╔══
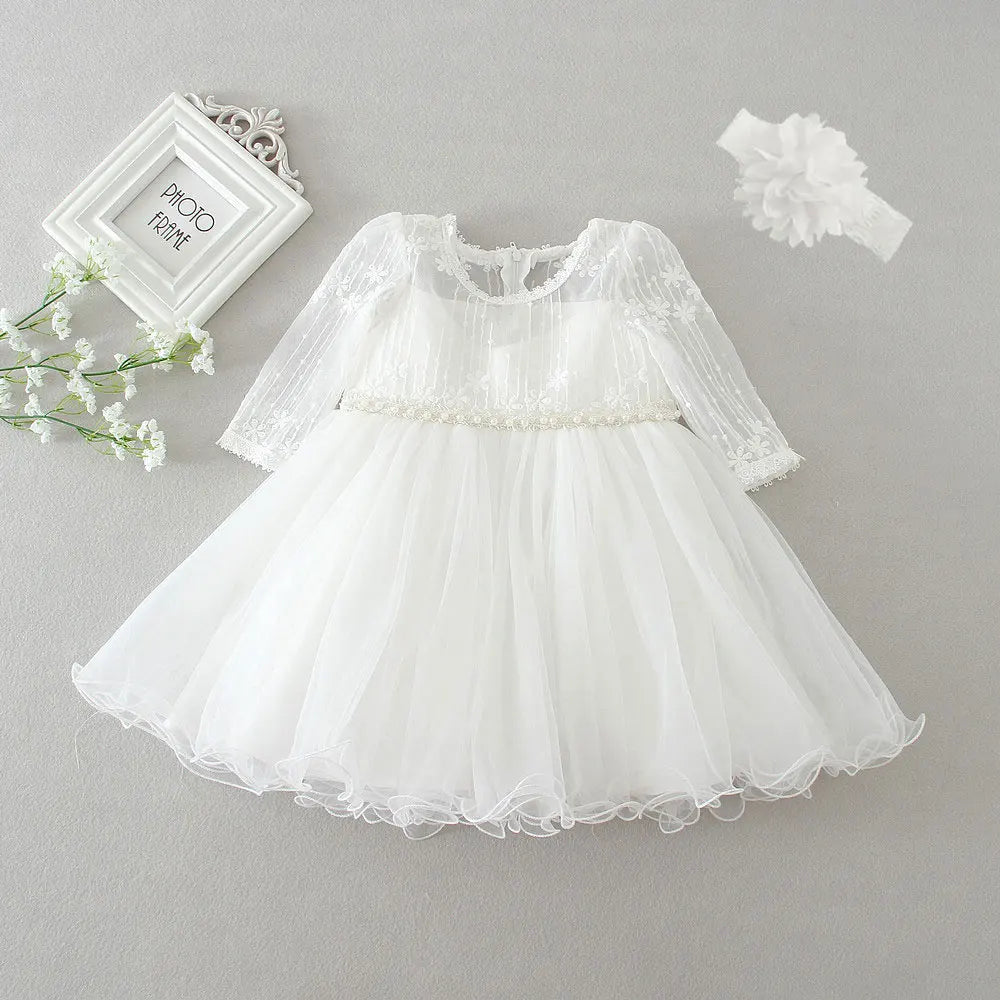 Baby Baptism Gown for Girls with Long Sleeves, Lace Details and Cotton Lining, Dress and Cap Set for Christening and First Birthday Photos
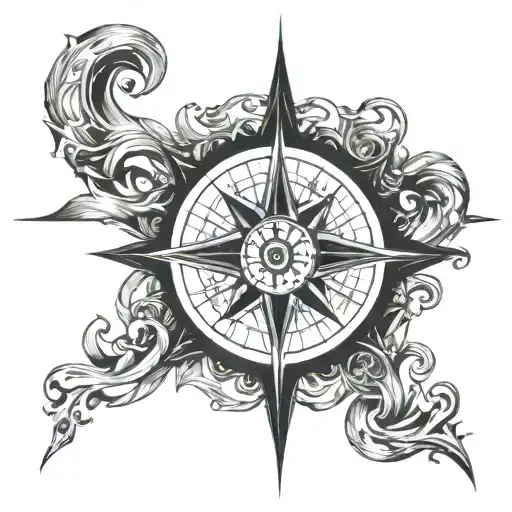 Cross Inside Of A Compass Rose Intertwined
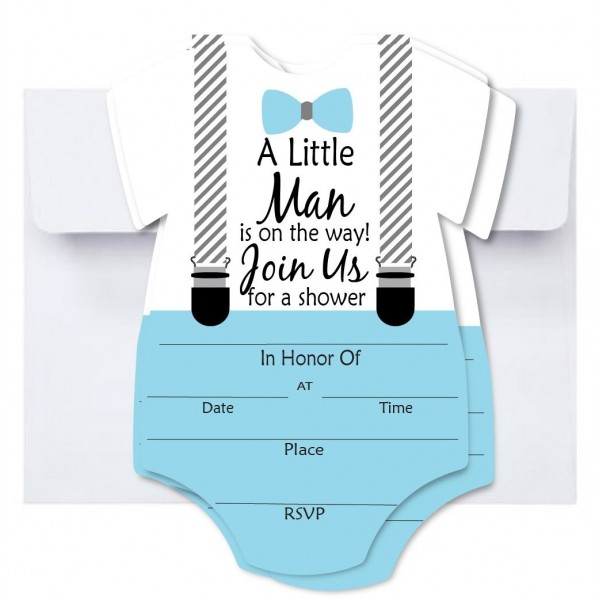Baby Blue and Gray Little Man Blank Fill in Invite Baby Shower ...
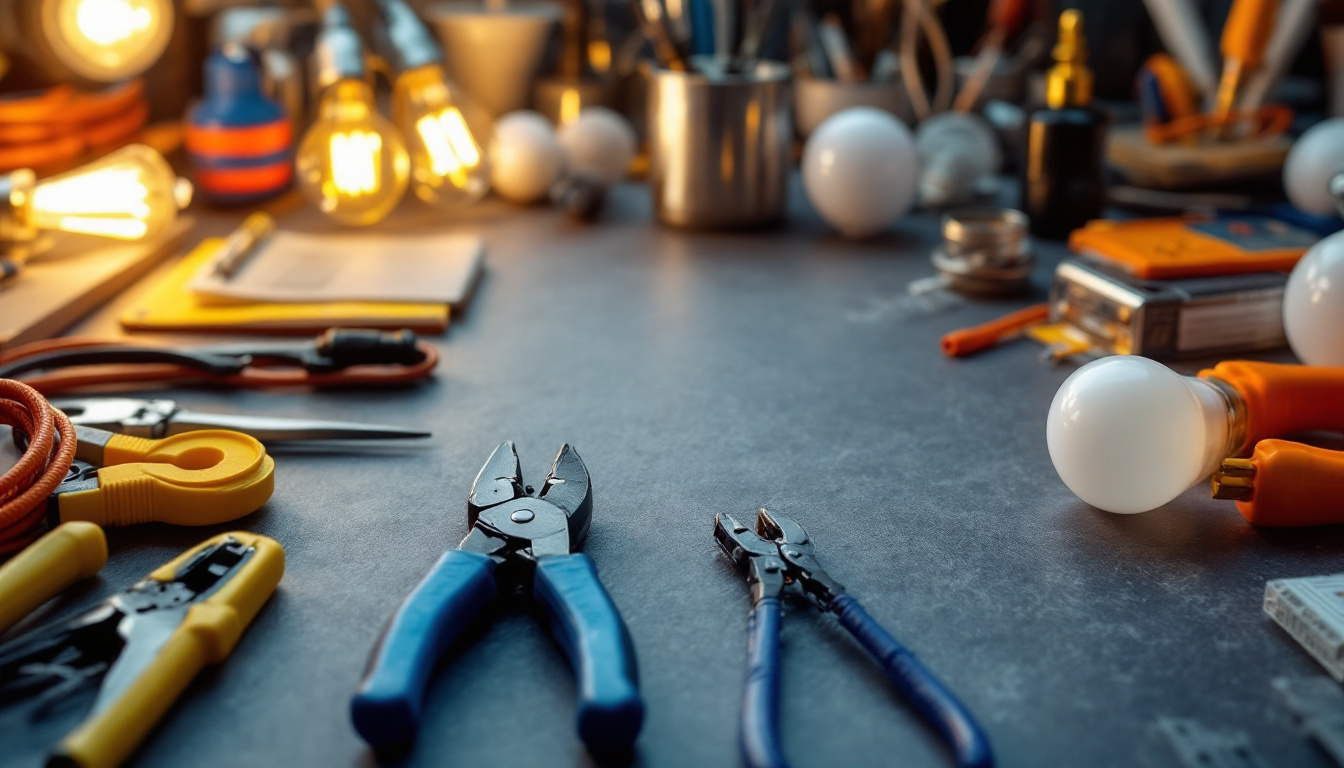 A photograph of a well-organized assortment of wiring tools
╚══
#### TASK INSTRUCTIONS:
Without any pictures, please write out the lines from the one containing "Cross Inside Of A Compass Rose Intertwined" through the final line of the data, exactly and inclusive of both ends.

#### EXPECTED OUTPUT:
 Cross Inside Of A Compass Rose Intertwined
Baby Blue and Gray Little Man Blank Fill in Invite Baby Shower ...
 A photograph of a well-organized assortment of wiring tools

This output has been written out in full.